Sokół Sieniawa pokonał KSZO Ostrowiec Świętokrzyski. Bardzo dobry mecz podopiecznych Ryszarda Kuźmy [ZDJĘCIA]
Sokół w ostatnich tygodniach przeszedł rewolucję kadrową. Nowy Sokół zbudowany przez Ryszarda Kuźmę pokazał na boisku „serducho” i zasłużenie wygrał, a kibice obejrzeli bardzo ciekawe spotkanie, toczone w szybkim tempie z licznymi sytuacjami pod bramkowymi.
- Marzyliśmy o takim starcie, mocno popracowaliśmy w przygotowaniach, chcieliśmy dobrze wystartować. Chciałem zbudować zespół, który zawsze będzie starał się grać o trzy punkty, który stworzy tutaj na tym boisku twierdzę. Patrząc przez ten dzisiejszy mecz, to myślę, że to się nam udało. – mówi trener Sokoła, Ryszard Kuźma.
I faktycznie dla zawodników Sokoła nie było straconych piłek, walczyli jak lwy o każdy fragment boiska, nie przestraszyli się rywala, który już w 2 minucie mógł objąć prowadzenie, jednak na szczęście dla naszej drużyny Szymon Stanisławski w dogodnej sytuacji posłał piłkę obok słupka.
Potrafili też przetrzymać napór gości na początku drugiej połowy i, mimo że w 54 minucie stracili gola po ładnym uderzeniu, przewrotką wspomnianego już Szymona Stanisławskiego, nie oddali pola rywalowi, tylko stworzyli trzy okazje, z których jedną zamienili na trzeciego gola. Bramkę, która postawiła kropkę nad „i” zdobył Łukasz Mazurek, wykorzystując ładne dogranie Pawła Hassa, a wcześniej Daquan King nie trafił do pustej bramki a w sytuacji sam na sam z bramkarzem KSZO, posłał piłkę obok słupka.
W pierwszej połowie Sokół wykazał się niezłą skutecznością. Z kilku okazji dwie zamienił na bramki, po uderzeniach Daquana Kinga i Kacpra Drelicha. Groźnie też było po uderzeniu Jarosława Lisa, który trafił w słupek.

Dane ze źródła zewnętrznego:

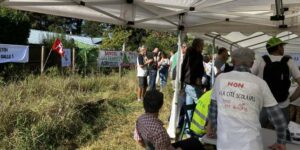 Camping Triangle de Gonesse : des opposants continuent de dénoncer le projet d’artificialisation des terres agricoles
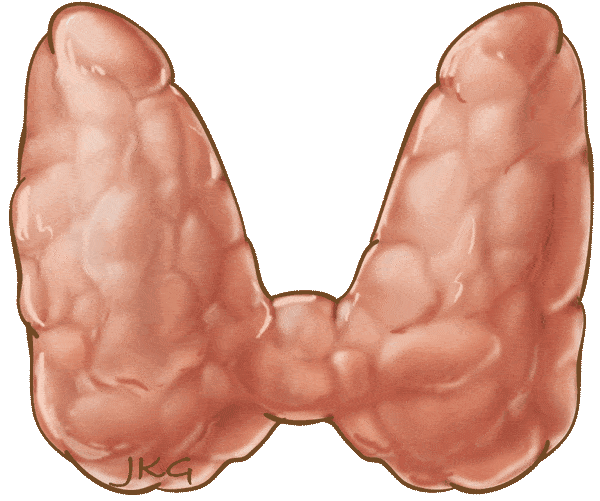 glándula tiroides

- Nigdy nie mówię, że dziękuję zawodnikom za walkę, bo to przecież jest ich praca, ale dzisiaj szczególnie było widać zaangażowanie, a poza tym myślę, że dzisiaj dobrze zagraliśmy w piłkę, bo tych sytuacji kilka sobie stworzyliśmy, ale też musieliśmy cierpieć, bronić wyniku w momencie gdy rywal złapał kontakt. Na szczęście odpowiedzieliśmy trzecim golem i spokojnie ten wynik do końca do ciągnęliśmy – zakończył trener Kuźma. napisał:KSZO po stracie trzeciej bramki, mimo, że do końca meczu jeszcze trochę czasu było, nie potrafiło już stworzyć sobie groźnej sytuacji podbramkowej, co bardzo zdenerwowało Marcina Sasala, trenera przyjezdnych
- Początek meczu nie wskazywał na nasza porażkę. Stanisławski był sam na sam i nie trafił w bramkę. Popełniliśmy dzisiaj bardzo dużo błędów taktycznych i indywidualnych. Nie realizowaliśmy tego, co sobie założyliśmy. Strzeliliśmy kontaktową bramkę i popełniliśmy fatalny błąd, po którym straciliśmy trzecie gola. Mamy większe ambicje i w kolejnych meczach musimy zostawić więcej zdrowia na boisku bo miejscowi chyba bardziej chcieli, a my myśleliśmy chyba, że sobie pospacerujemy po boisku i jest mi po prostu wstyd za ten wynik.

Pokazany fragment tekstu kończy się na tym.